§ EXERCISE REQUIREMENTS:
Where the line containing "163 Great South Road, Drury" appears in the entries below, begin there and output every line through the last, exactly, minus the pictures.

§ DATA UNDER STUDY:
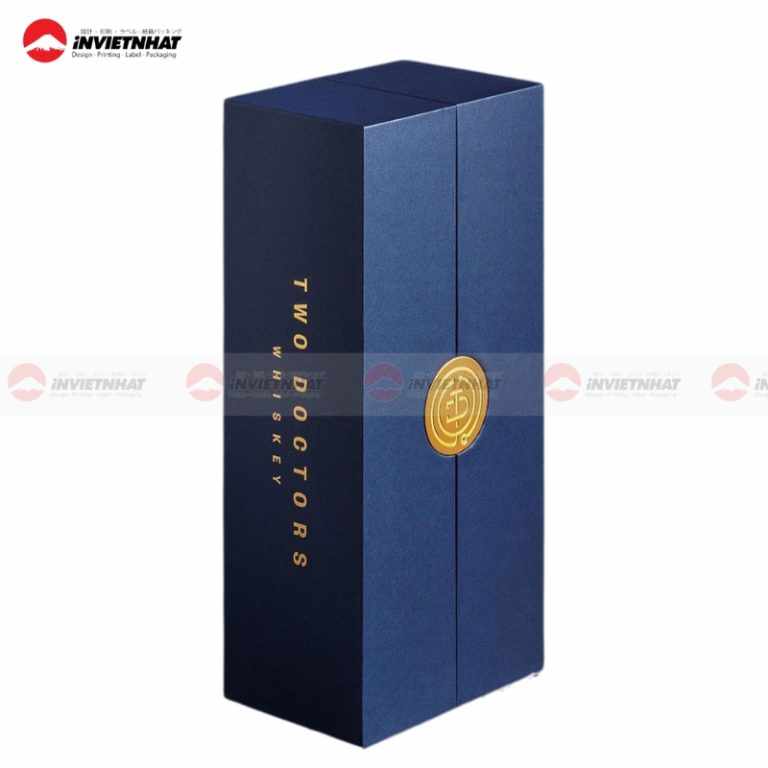 Tại sao các thương hiệu Tài chính và Công nghệ đều chọn Bao bì màu Xanh Dương?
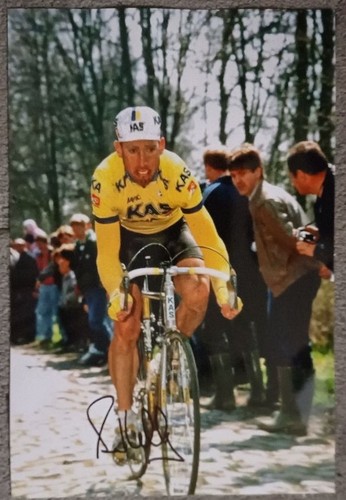Sean kelly cycling through - sean,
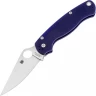 Складной нож SPYDERCO PARAMILITARY 2 C81GPDBL2 SC81GPDBL2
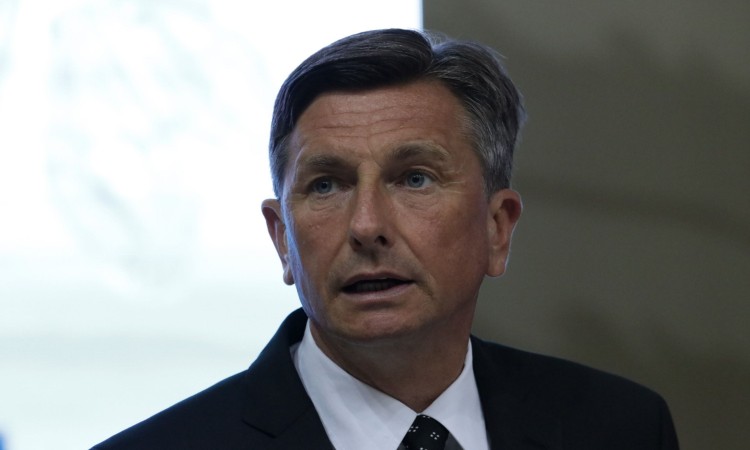 Slovenski predsjednik Borut Pahor potvrdio učešće na SBF-u 2019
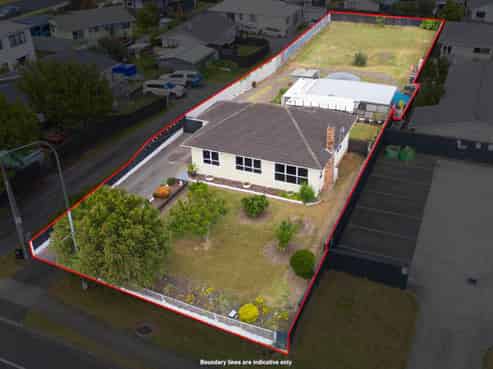 163 Great South Road, Drury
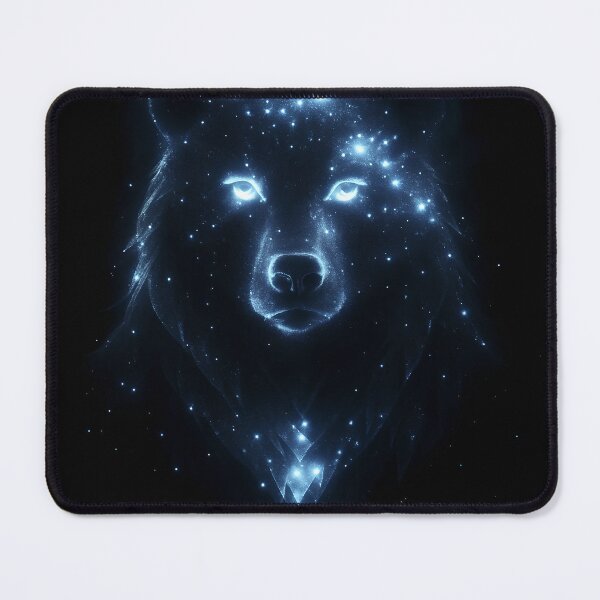 Item preview, Cosmic Wild Bear designed and sold by Petalandfur.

§ SOLUTION:
 163 Great South Road, Drury
 Item preview, Cosmic Wild Bear designed and sold by Petalandfur.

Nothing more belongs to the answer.